Bis nach Olympia 2012 wird er den Rappen reiten können, so die Abmachung. Was dann ist, bleibt abzuwarten. Dass Hester seiner Schülerin Charlotte Dujardin Valegro überlässt, liegt in seiner eigenen Biographie begründet. „Bei Dr. Bechtolsheimer habe ich 1989 angefangen, 1990 ritt ich Weltmeisterschaften, in meinem ersten Grand Prix-Jahr, 1992 stand ich im olympischen Finale.“ Er sagt, er bewundert Charlotte für ihre jugendliche Leichtigkeit. „Sie hat nach dem EM-Gold gelacht, ich habe während ihres Ritts geweint.“ Hester weiß aber auch: „Mal sehen, wie sie mit dem frühen Erfolg umgehen kann.“ Erst einmal wird aber an ihrem Sitz gefeilt, „sie muss noch elastischer werden“.

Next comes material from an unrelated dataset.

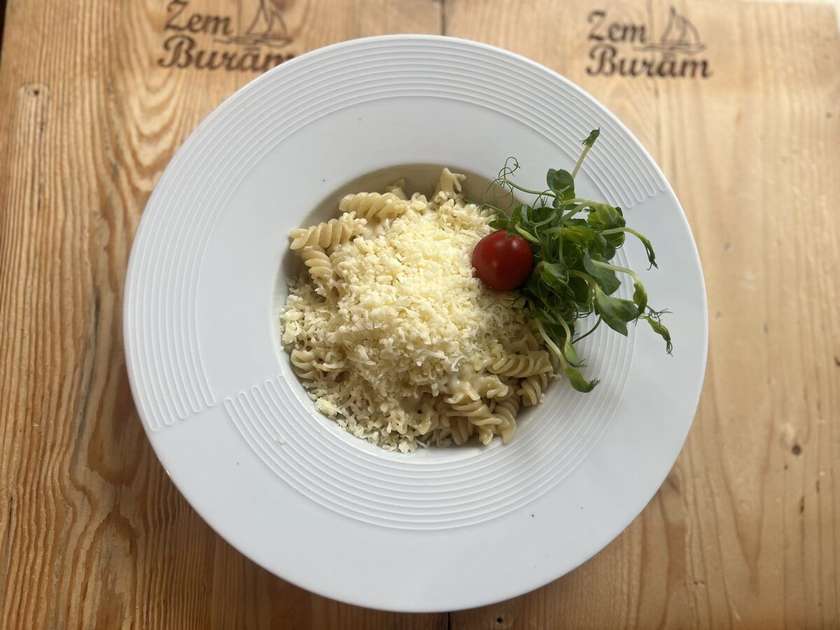 Macaroni with cheese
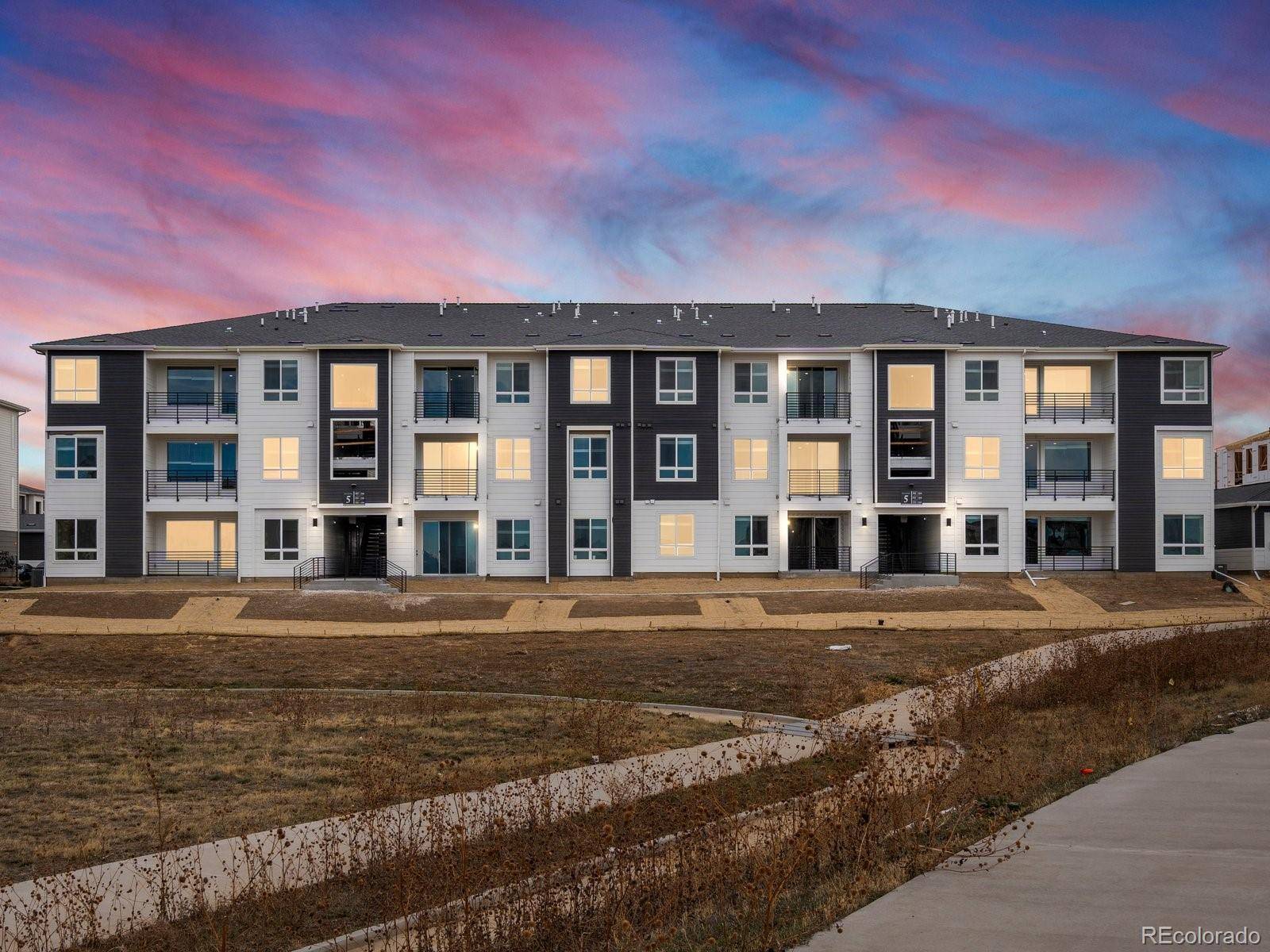 6153 N Ceylon ST #102, Denver, CO 80249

Charlotte habe Feuer. Als Urlaubsvertretung sollte sie drei Wochen bleiben und ist seitdem nicht mehr gegangen. „Sie wollte immer meine guten Pferde reiten, hat dafür alles getan.“ Gerade hat Charlotte ihr eigenes Grand Prix-Pferd Fernandez – „der ging nur mit Halfter ohne Sattel alle Grand Prix-Lektionen“ – nach Dänemark verkauft. Jetzt reitet sie einen Dunkelfuchs, wie Fernandez ein Florestan-Sohn. „Den hat meine Mutter in der Zeitung annonciert gesehen. Der Händler hatte weder Halle noch Außenplatz. Wir waren zu spät, da haben mir drei Autos mit ihren Scheinwerfern auf der Wiese geleuchtet. Ich dachte mir, wenn er das alles mit sich machen lässt, dann ist er die 2000 Pfund wohl wert.“ Das Schnäppchen passagiert mittlerweile schon recht ordentlich. Auch Don Archie v. Dimaggio, 2010 Champion der sechsjährigen Dressurpferde Großbritanniens, ein eleganter, in Momenten so tänzerisch wie Rembrandt daherkommender Dunkelbrauner, hat eine eigene Geschichte. Er bockte jeden Reiter herunter. Erst nach der Unterschrift, dass die Verkäuferin deswegen keine rechtlichen Konsequenzen zu befürchten hätte, kam das Pferd zu Hester.
Bis zu den Olympischen Spielen in London sind es weniger als 300 Tage. Die Briten sind Favoriten. Carl Hesters Alltag hat das in keiner Weise verändert. Schon nach dem EM-Gold ging es weiter wie immer: „Montag und Dienstag bin ich geritten, Mittwoch habe ich Unterricht gegeben und Donnerstag hatte ich Grippe.“


Julia Rau

Kati Witt und Jan Tönjes, Silbernes Pferd 2012 (© Julia Rau)

Diese Reportage wurde 2012 mit dem Silbernen Pferd als bester Printartikel des Jahres vom DRFV im Rahmen des CHIO Aachen ausgezeichnet.